At the outbreak of war he left his lover, Princess Balasha Cantacuzene, in ...
Patrick Leigh Fermor’s enviably colorful life took off when in 1934, at the age of eighteen, he decided to walk across Europe. In just over a year he had trekked through nine countries and taught himself three languages, and his enthusiasm and curiosity for every kind of experience made him equally happy in caves or country houses, among shepherds or countesses.
At the outbreak of war he left his lover, Princess Balasha Cantacuzene, in Romania and returned to England to enlist.
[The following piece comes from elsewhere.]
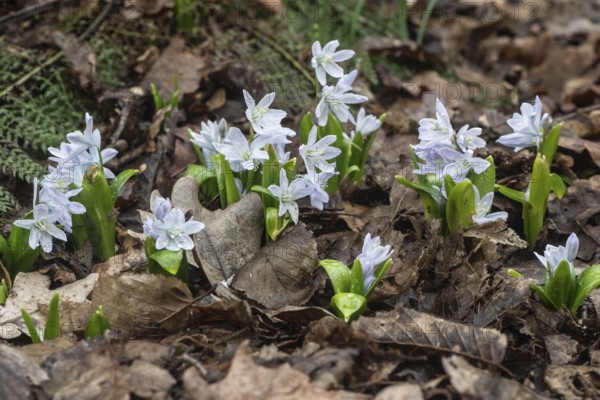 Mishchenkoana bluestem (Scilla mishchenkoana), Emsland, Lower Saxony, Germany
Commissioned into the Intelligence Corps, he became one of the handful of Allied officers supporting the Cretan resistance to the German occupation. In 1944 he commanded the Anglo-Cretan team that abducted General Heinrich Kreipe and spirited him away to Egypt.
A journey to the Caribbean, stays in monasteries, and explorations all over Greece provided the subjects for his first books. It was not until he and his wife had moved to southern Greece that he returned to his earliest walk. In these books, which took many years to write, he created a vision of a prewar Europe, which in its beauty and abundance has never been equaled.
Artemis Cooper has drawn on years of interviews and conversations with Leigh Fermor and his closest friends, and has had complete access to his archive. Her beautifully crafted biography portrays a man of extraordinary gifts—no one wore their learning so playfully nor inspired such passionate friendship.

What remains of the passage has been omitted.